▸ Data supplied:
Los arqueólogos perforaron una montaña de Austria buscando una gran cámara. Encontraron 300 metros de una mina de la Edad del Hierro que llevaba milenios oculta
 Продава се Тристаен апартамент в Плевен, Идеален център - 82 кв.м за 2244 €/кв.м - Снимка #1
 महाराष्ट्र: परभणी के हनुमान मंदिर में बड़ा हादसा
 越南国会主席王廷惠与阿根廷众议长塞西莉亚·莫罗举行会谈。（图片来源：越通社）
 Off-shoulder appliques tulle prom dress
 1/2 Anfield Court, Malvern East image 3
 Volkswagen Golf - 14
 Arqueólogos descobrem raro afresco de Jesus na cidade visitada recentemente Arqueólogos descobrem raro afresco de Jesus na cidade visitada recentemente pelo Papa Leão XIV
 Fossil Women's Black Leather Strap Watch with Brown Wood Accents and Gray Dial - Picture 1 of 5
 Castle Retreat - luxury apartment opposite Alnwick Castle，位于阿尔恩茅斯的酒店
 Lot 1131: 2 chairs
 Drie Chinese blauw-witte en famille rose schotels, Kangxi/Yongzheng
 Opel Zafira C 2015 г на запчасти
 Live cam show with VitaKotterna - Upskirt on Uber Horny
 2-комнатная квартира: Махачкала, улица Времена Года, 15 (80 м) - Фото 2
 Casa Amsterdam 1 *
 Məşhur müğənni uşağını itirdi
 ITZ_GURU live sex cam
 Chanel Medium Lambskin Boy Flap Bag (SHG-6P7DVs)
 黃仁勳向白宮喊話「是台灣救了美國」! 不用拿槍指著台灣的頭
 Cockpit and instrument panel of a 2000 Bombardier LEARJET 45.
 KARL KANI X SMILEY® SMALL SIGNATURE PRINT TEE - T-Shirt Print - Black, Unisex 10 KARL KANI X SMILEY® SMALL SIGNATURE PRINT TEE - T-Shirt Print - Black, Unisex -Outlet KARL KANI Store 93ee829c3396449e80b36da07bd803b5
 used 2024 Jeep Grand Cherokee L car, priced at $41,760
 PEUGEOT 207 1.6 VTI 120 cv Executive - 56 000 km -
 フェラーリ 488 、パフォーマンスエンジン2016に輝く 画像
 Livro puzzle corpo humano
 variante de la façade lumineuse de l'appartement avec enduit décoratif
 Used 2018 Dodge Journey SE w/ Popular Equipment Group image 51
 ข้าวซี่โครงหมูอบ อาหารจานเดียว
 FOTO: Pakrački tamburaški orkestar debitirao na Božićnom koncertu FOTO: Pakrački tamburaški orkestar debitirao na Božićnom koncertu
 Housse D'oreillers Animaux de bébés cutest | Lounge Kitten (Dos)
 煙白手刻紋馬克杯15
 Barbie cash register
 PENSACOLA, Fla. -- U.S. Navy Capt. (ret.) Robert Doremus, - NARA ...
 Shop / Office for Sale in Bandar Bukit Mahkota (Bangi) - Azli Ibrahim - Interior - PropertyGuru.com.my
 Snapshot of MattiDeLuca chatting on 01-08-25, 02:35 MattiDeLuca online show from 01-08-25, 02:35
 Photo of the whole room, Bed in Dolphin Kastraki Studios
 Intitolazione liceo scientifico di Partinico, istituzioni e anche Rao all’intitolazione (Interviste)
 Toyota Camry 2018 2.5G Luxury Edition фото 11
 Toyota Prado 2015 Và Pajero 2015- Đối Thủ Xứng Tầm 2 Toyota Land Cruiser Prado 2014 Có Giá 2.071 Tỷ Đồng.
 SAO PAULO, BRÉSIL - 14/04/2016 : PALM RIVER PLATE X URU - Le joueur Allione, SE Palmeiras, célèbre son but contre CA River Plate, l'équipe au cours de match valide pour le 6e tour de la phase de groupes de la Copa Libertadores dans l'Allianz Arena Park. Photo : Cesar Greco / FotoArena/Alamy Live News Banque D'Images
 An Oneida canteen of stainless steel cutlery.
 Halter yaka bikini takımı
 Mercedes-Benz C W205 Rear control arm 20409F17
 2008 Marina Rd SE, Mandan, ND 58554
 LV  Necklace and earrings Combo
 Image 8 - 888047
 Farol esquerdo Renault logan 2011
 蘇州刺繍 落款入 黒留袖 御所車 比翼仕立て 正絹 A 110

▸ Exercise directions:
Identify and extract each line of the listing that contains "with".

▸ Reply to the exercise:
 Fossil Women's Black Leather Strap Watch with Brown Wood Accents and Gray Dial - Picture 1 of 5
 Live cam show with VitaKotterna - Upskirt on Uber Horny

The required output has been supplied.